Colorado Springs Military Newspaper Group

Peterson Space Observer

Training locks-up dividends

(U.S. Air Force photo) Scott Hamilton and Mike Alcorta, certified container inspectors at the 721st CED, inspect, install and repair all manner of security container locks, saving the wing thousands of dollars per year.

By Tyler Nielsen

721st Civil Engineer Division

CHEYENNE MOUNTAIN AIR FORCE STATION, Colo. — You probably see one at some point during your day — the 21st Space Wing has many of them — the venerable security container. These containers must be approved by the General Services Administration and are the only authorized way to store classified information.
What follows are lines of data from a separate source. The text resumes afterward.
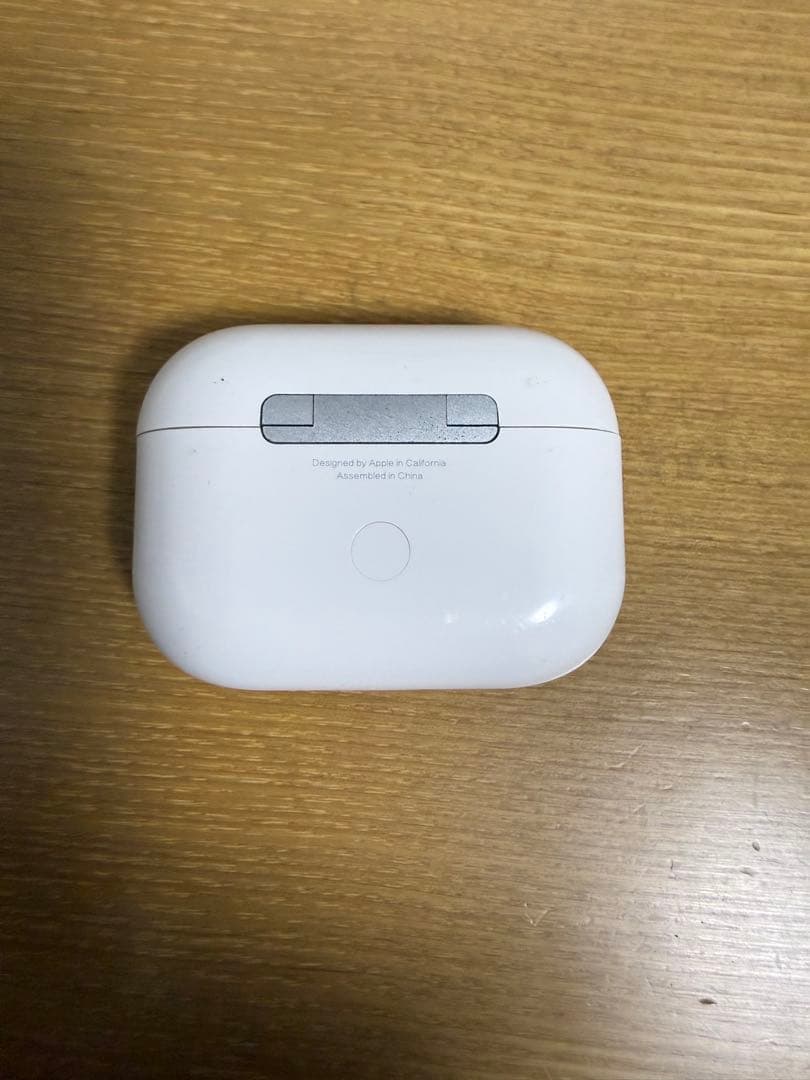 Apple AirPods Pro 2 （第2世代）【おまけ付き‼️】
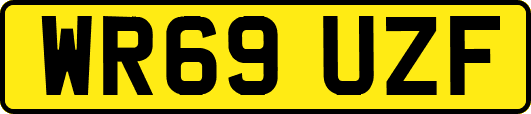 WR69UZF
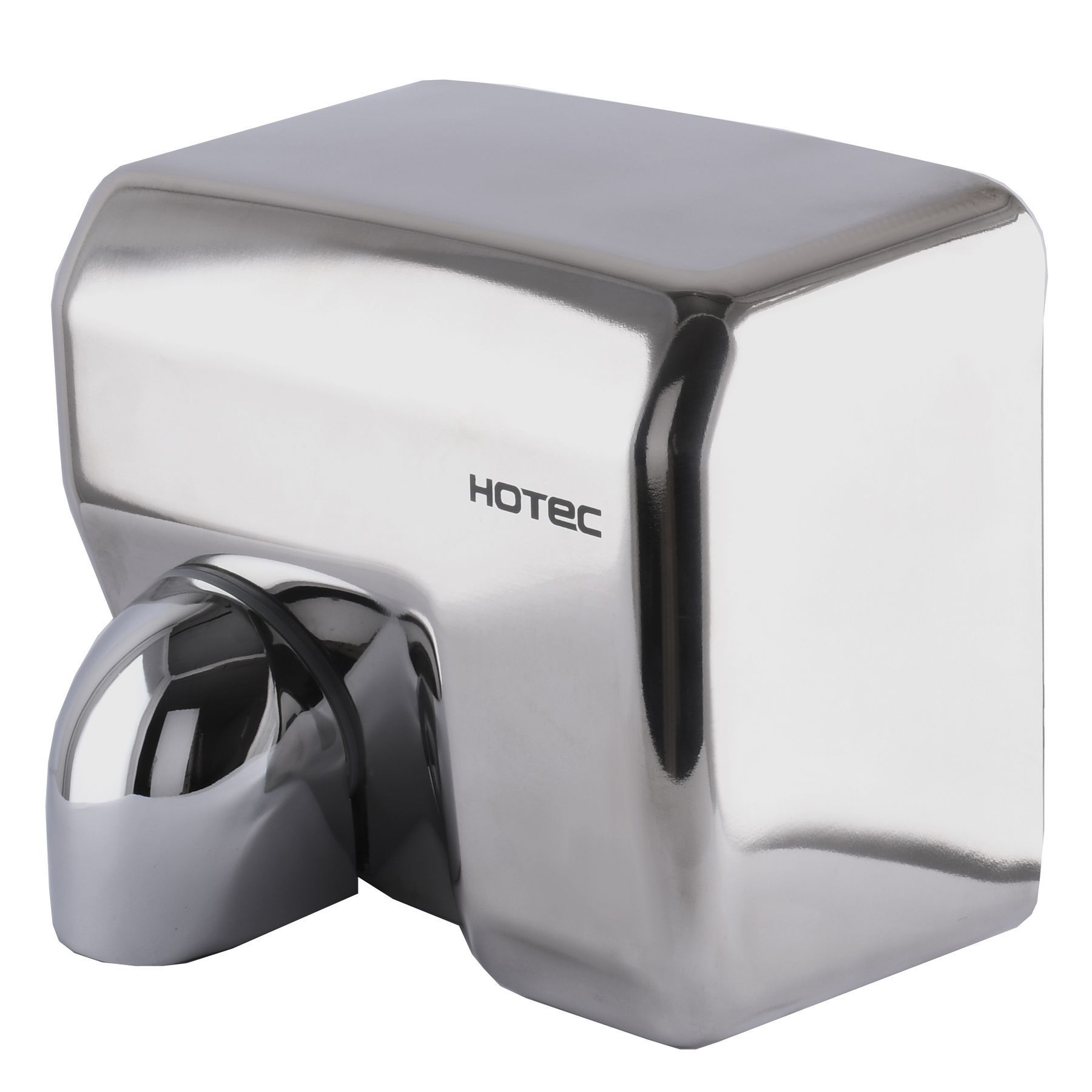 Сушилка HOTEC Stainless Steel для рук 2100 Вт (000007802)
Keeping a security container maintained and certified is typically a unit responsibility, and the bills can add up quickly. An inspection using a contractor from downtown costs about $500 per container. Each of these containers may contain one or more locks and must be inspected by a GSA-certified inspector annually. The 721st Mission Support Group Civil Engineer Division has invested in tooling and training to perform these inspections as an in-house activity by the lock shop. Technicians were trained and equipped to become GSA-certified security container maintainers and inspectors. This consisted of four weeks of private GSA-certified schoolhouse training and a small investment in tools, including drill bits and a tool required for miniature locking mechanisms associated with these certified containers.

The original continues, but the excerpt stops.